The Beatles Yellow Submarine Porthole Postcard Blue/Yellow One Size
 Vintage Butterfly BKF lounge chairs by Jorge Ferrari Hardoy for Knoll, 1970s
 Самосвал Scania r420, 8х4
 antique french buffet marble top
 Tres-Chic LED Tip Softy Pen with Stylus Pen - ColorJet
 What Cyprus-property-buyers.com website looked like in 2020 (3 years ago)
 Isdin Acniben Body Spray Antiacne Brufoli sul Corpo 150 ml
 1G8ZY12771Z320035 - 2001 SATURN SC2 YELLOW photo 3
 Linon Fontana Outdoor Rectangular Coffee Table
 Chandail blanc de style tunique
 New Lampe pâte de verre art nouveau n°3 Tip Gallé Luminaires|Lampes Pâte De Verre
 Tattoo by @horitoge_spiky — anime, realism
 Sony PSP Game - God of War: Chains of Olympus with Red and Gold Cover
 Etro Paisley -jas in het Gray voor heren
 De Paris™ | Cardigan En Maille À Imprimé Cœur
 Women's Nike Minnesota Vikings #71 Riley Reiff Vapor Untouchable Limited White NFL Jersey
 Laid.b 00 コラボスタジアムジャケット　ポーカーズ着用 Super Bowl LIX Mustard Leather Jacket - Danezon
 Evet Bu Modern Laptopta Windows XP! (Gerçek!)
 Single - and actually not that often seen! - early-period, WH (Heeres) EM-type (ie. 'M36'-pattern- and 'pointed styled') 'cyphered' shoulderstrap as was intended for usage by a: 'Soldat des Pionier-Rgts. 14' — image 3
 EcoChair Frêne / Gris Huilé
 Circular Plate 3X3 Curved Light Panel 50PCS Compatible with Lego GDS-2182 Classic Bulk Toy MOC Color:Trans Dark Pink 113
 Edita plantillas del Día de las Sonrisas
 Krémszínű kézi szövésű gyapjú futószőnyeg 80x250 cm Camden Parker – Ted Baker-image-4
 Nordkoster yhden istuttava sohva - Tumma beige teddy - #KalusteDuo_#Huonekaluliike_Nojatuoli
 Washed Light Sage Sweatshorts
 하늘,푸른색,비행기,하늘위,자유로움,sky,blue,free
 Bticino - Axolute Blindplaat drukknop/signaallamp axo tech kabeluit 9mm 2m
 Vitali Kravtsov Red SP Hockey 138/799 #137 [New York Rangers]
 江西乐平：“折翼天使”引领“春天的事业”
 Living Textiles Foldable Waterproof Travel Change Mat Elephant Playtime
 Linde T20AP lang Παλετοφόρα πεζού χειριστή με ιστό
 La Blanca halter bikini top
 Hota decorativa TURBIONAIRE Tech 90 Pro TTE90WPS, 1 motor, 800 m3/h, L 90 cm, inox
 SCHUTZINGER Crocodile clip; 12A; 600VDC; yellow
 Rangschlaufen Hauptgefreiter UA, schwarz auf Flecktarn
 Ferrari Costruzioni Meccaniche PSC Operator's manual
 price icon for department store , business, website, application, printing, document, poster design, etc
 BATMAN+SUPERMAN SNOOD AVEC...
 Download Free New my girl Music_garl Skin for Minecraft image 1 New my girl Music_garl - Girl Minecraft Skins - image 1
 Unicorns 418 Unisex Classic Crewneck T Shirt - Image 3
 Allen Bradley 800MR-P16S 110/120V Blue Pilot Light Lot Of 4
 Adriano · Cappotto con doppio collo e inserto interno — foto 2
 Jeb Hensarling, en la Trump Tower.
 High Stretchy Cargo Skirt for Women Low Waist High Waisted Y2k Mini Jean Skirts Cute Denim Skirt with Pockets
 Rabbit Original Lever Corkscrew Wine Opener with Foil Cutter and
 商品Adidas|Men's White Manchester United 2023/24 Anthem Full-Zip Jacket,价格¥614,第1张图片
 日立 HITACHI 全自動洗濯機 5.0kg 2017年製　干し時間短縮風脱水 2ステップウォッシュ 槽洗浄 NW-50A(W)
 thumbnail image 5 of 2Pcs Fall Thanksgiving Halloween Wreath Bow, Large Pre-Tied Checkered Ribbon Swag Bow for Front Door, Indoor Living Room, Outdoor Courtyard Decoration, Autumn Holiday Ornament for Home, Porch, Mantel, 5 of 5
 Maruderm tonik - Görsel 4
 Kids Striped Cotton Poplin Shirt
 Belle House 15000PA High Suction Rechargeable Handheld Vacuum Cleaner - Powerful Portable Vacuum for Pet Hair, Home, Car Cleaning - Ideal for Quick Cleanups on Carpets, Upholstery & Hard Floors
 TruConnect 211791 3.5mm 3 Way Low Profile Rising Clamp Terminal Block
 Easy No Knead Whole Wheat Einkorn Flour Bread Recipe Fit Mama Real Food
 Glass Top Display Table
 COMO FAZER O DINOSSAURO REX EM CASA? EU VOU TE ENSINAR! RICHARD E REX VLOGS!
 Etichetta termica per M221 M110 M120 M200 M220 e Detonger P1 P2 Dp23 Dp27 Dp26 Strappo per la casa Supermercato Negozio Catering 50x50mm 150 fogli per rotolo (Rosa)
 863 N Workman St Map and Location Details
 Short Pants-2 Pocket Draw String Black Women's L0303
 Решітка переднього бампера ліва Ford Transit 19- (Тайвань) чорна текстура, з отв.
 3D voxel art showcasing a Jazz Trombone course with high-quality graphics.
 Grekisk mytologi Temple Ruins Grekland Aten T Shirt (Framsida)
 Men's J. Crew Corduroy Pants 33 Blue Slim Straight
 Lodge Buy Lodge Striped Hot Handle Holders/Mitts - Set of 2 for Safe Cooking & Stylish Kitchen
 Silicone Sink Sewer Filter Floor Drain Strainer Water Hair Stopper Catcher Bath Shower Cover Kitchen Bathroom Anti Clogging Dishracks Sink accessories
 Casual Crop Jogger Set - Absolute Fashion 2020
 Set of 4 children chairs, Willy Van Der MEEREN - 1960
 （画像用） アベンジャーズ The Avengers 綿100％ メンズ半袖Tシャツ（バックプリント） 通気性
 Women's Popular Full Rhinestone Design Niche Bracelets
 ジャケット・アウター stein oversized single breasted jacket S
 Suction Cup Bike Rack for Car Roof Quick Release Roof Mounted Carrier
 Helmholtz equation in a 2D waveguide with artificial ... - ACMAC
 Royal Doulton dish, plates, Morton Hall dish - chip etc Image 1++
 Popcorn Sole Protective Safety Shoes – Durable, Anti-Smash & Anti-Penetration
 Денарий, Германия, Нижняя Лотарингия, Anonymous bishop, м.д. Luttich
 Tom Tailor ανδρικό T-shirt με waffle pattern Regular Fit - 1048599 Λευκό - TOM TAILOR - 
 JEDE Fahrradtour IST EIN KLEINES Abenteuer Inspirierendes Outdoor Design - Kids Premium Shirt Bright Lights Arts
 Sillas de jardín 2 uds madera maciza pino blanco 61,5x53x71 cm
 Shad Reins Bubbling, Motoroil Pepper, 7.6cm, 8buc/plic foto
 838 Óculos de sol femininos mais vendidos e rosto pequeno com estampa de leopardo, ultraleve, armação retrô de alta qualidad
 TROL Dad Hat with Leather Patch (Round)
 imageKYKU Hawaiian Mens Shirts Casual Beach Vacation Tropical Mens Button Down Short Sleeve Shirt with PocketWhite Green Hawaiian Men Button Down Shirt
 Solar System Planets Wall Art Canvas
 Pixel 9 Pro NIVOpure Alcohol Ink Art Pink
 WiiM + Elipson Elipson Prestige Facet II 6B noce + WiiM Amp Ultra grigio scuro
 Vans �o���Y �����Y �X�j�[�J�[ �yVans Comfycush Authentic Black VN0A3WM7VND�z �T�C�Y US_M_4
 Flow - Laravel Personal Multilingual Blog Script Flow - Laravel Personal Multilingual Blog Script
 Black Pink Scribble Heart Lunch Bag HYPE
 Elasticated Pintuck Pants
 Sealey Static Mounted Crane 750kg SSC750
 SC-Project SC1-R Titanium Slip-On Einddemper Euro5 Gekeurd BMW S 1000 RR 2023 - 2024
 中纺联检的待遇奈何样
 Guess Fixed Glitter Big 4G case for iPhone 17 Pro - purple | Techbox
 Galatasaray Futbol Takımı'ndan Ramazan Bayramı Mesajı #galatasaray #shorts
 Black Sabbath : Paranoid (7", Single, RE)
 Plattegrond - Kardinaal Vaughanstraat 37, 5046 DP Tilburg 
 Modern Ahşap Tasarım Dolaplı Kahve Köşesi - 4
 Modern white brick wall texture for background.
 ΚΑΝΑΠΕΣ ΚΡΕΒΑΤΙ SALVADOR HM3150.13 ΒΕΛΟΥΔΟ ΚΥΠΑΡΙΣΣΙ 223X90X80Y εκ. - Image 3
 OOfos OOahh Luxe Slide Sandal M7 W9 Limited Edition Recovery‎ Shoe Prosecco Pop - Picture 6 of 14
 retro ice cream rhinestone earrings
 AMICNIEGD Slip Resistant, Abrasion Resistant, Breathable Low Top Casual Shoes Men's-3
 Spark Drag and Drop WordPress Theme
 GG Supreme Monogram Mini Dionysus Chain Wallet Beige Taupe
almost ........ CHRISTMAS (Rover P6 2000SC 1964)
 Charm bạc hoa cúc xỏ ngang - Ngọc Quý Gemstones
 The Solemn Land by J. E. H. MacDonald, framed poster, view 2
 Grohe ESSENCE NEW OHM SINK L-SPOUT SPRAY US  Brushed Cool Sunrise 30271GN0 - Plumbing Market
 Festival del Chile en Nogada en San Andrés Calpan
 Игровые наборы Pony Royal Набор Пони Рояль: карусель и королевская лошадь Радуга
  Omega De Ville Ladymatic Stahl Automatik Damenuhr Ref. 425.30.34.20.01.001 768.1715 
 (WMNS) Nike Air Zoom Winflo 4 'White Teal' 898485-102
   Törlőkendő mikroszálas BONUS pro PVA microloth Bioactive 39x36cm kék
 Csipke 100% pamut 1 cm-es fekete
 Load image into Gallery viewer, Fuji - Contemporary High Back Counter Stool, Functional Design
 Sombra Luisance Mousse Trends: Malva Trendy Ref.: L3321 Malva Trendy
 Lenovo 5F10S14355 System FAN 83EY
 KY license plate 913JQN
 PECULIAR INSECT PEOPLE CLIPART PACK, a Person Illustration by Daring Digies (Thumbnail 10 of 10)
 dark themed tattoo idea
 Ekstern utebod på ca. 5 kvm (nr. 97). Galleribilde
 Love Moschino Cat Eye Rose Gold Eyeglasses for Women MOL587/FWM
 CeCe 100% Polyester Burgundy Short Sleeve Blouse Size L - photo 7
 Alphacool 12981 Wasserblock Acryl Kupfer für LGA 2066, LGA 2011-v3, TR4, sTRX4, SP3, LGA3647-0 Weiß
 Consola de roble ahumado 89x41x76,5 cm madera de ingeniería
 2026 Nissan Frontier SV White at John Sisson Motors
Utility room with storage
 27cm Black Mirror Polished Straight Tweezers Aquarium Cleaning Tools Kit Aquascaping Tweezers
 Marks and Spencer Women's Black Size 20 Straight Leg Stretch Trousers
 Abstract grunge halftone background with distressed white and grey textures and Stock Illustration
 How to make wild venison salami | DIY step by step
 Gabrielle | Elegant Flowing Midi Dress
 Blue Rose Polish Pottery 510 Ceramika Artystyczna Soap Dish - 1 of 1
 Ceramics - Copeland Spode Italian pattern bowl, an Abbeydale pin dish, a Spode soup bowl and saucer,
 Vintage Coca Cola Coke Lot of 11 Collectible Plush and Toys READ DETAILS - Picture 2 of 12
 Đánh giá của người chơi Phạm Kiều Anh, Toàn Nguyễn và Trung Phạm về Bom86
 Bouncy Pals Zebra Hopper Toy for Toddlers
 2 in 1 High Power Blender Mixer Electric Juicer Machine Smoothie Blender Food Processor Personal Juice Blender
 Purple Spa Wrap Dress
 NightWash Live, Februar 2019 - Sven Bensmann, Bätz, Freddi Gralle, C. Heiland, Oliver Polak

----------

Search the entries above for the string "foto". Copy each line that holds it.

# Answer to this problem:
 Adriano · Cappotto con doppio collo e inserto interno — foto 2
 Shad Reins Bubbling, Motoroil Pepper, 7.6cm, 8buc/plic foto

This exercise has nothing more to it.